THE DATA below:
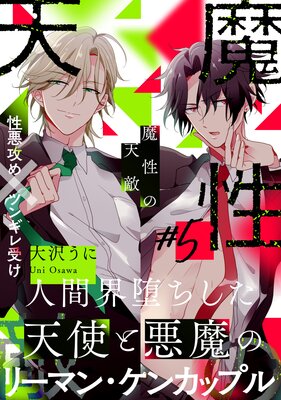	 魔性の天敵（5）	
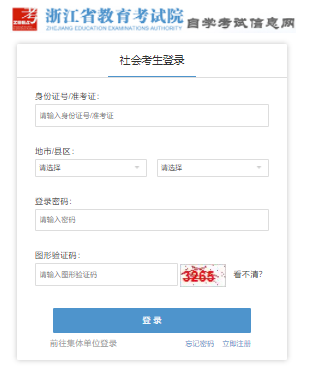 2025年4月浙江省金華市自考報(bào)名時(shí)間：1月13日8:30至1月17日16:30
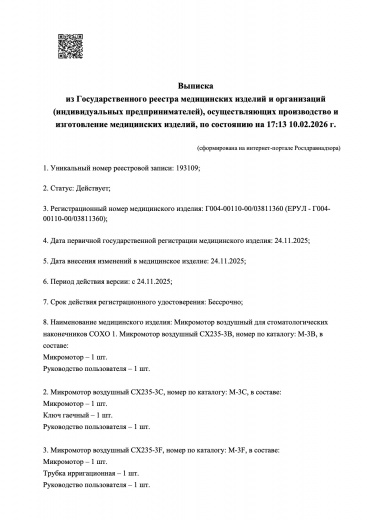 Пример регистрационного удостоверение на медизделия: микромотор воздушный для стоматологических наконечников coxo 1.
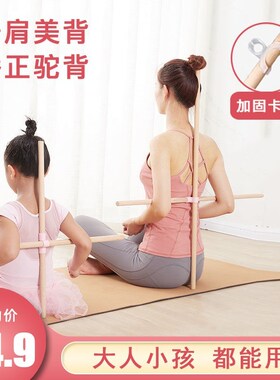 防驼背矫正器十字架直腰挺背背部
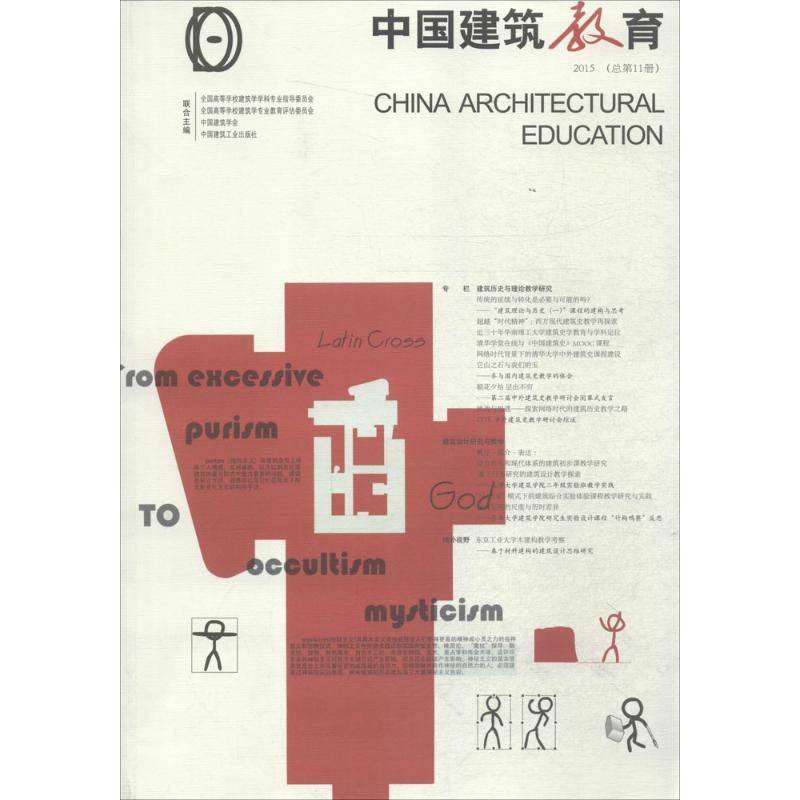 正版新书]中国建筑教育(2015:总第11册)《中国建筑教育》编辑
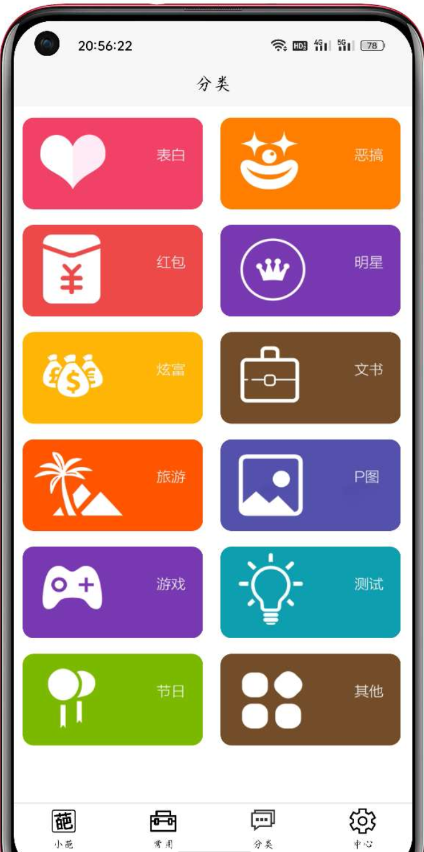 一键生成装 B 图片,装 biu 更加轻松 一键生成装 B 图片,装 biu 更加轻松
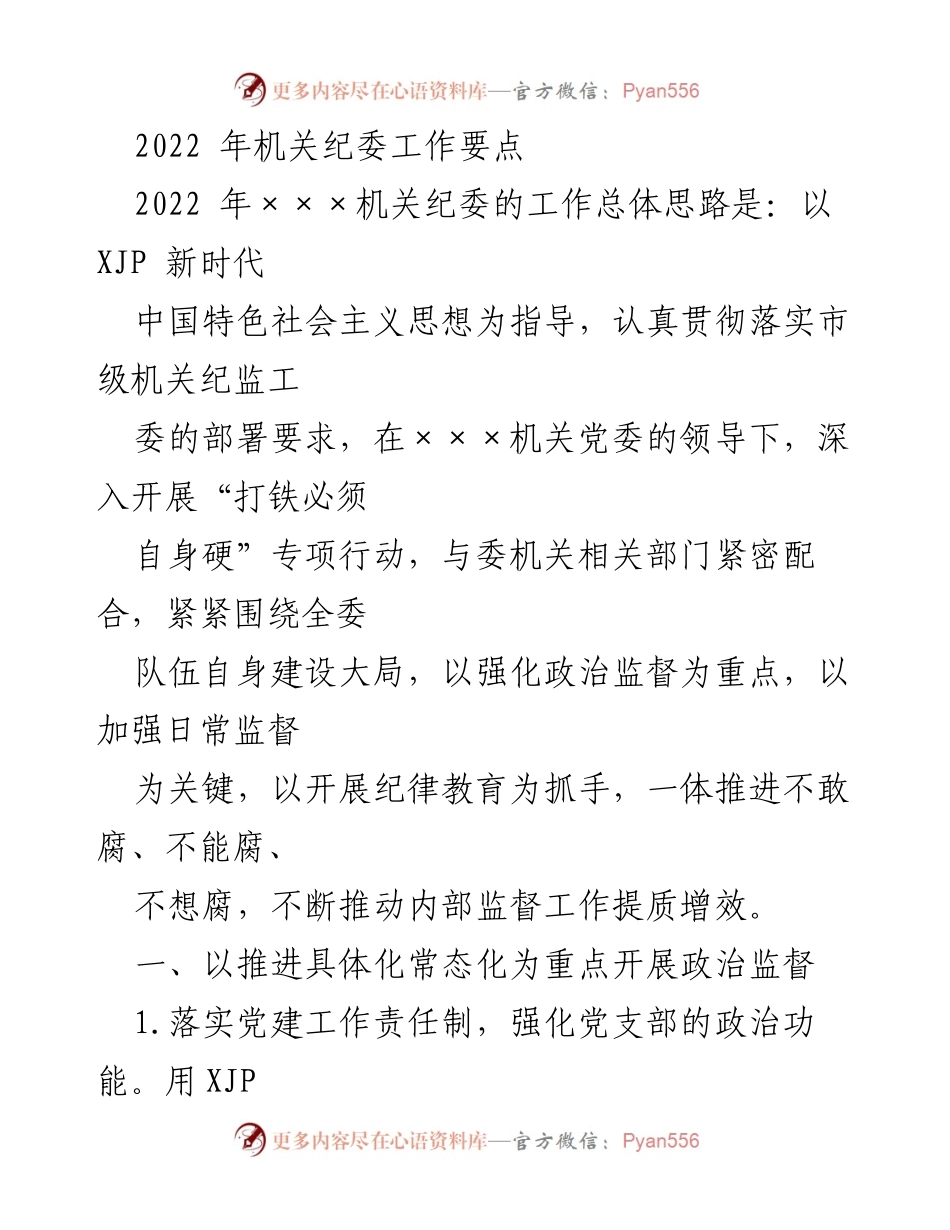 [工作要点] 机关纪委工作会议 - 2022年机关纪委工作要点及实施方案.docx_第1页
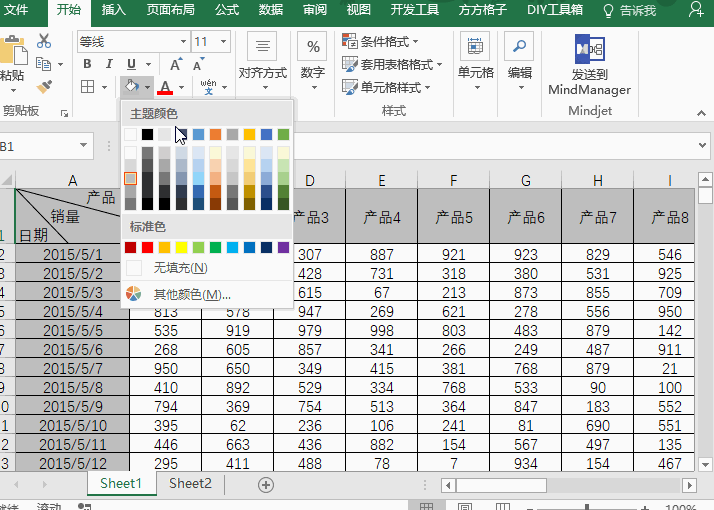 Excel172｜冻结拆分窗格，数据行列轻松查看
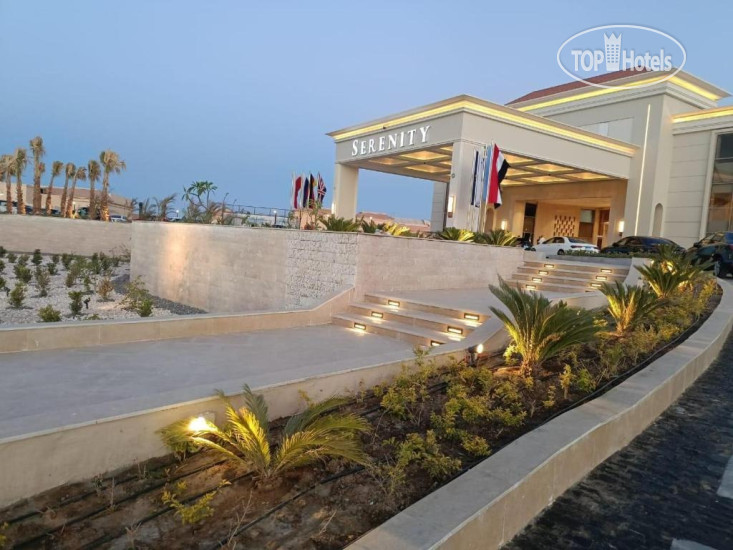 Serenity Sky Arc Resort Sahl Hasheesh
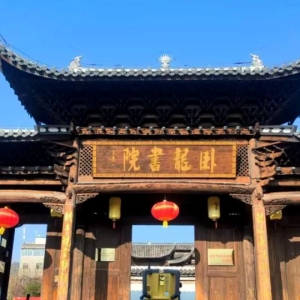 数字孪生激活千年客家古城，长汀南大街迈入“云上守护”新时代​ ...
End of THE DATA.
THE DATA below:
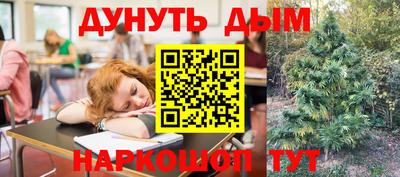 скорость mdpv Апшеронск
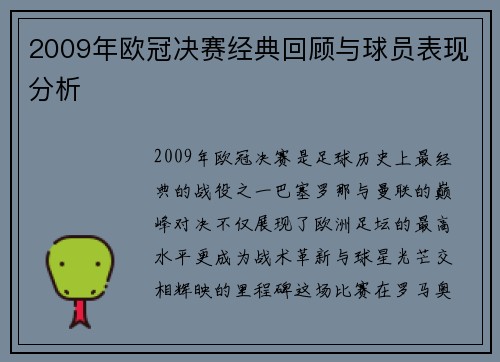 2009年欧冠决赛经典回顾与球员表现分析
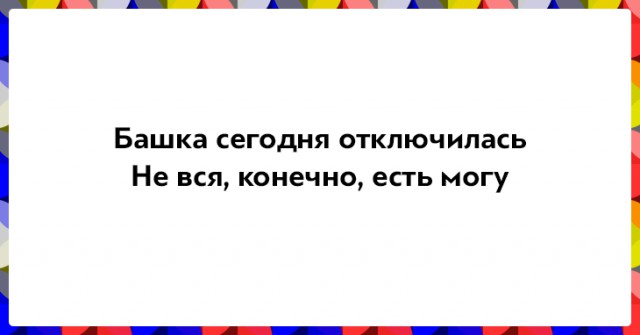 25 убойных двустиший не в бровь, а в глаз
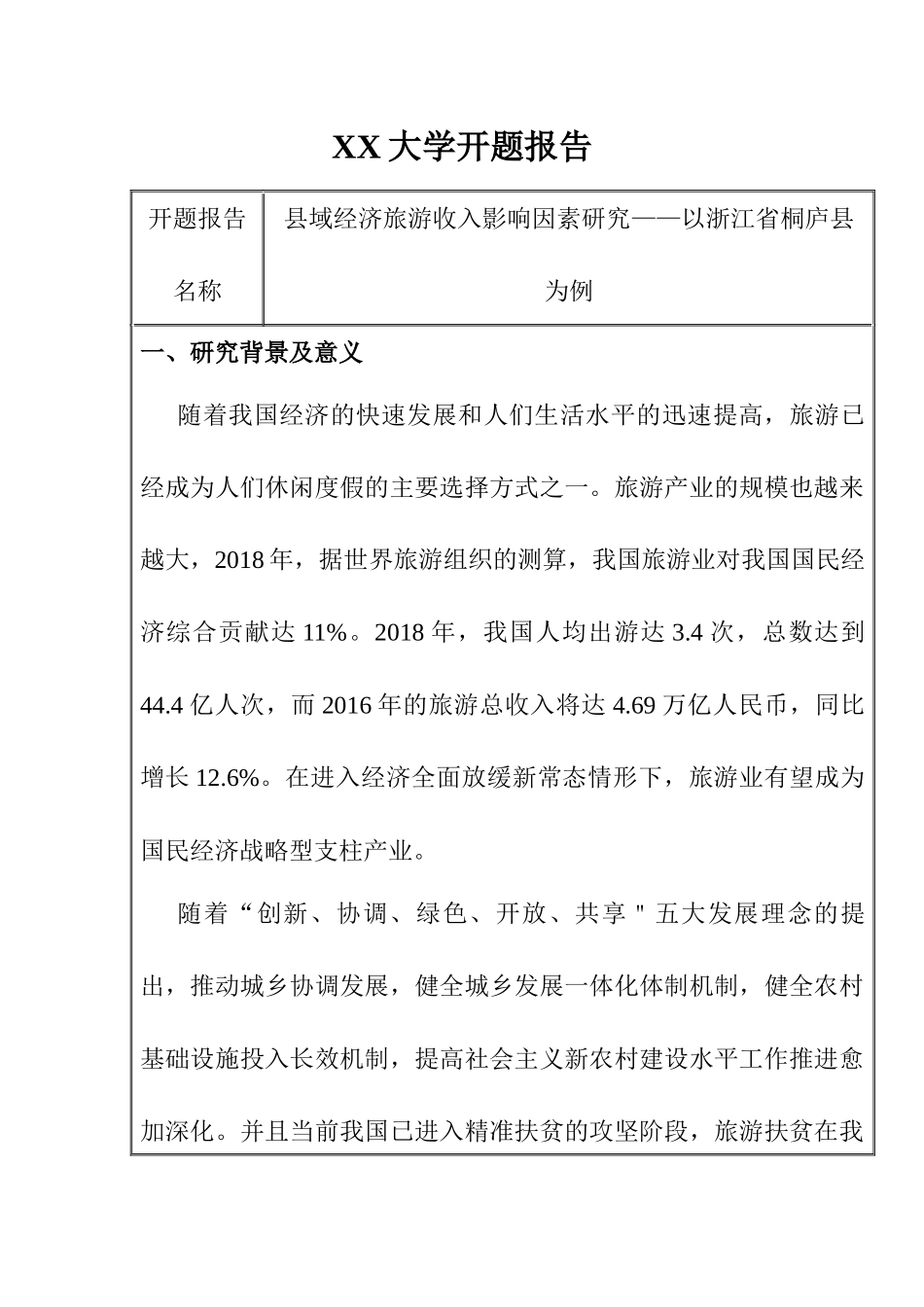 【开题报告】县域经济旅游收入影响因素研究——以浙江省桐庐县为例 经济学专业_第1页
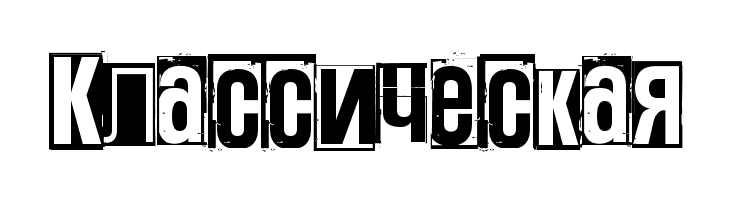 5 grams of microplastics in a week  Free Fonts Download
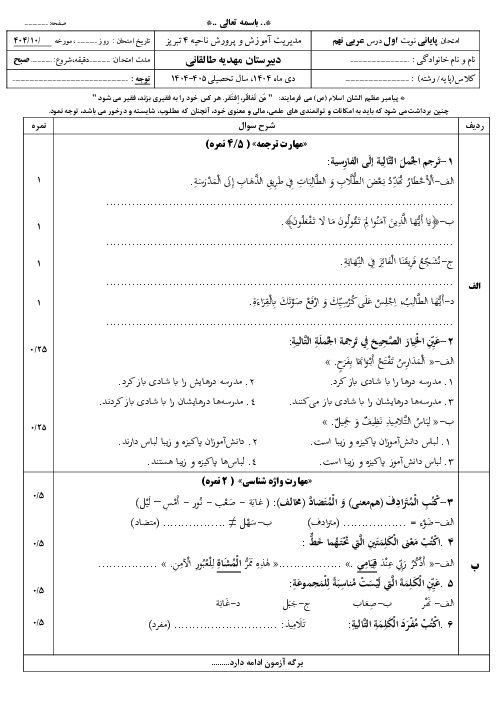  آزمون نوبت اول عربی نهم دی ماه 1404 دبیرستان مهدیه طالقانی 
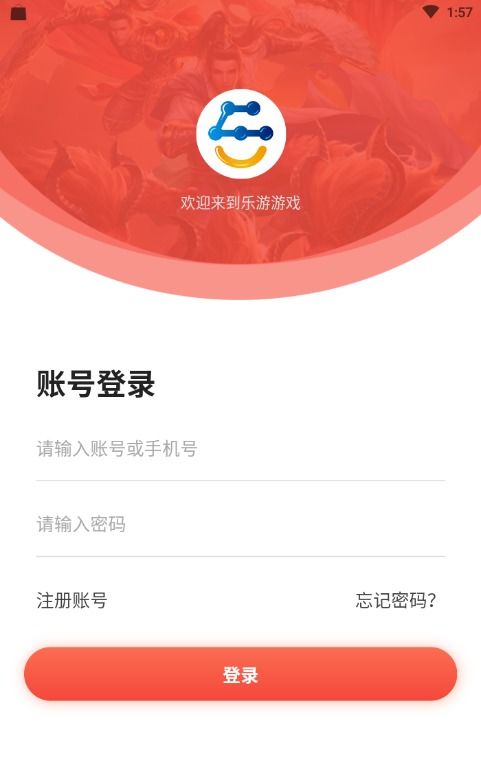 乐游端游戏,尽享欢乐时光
End of THE DATA.
THE DATA below:
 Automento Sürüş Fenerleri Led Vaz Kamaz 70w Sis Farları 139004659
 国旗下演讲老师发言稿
End of THE DATA.
■ TASK DETAILS: Output only the lines above from the line that holds "2009年欧冠决赛经典回顾与球员表现分析" through the line that holds "乐游端游戏,尽享欢乐时光", both ends included, and exclude pictures.

■ EXPECTED ANSWER:
 2009年欧冠决赛经典回顾与球员表现分析
 25 убойных двустиший не в бровь, а в глаз
 【开题报告】县域经济旅游收入影响因素研究——以浙江省桐庐县为例 经济学专业_第1页
 5 grams of microplastics in a week  Free Fonts Download
  آزمون نوبت اول عربی نهم دی ماه 1404 دبیرستان مهدیه طالقانی 
 乐游端游戏,尽享欢乐时光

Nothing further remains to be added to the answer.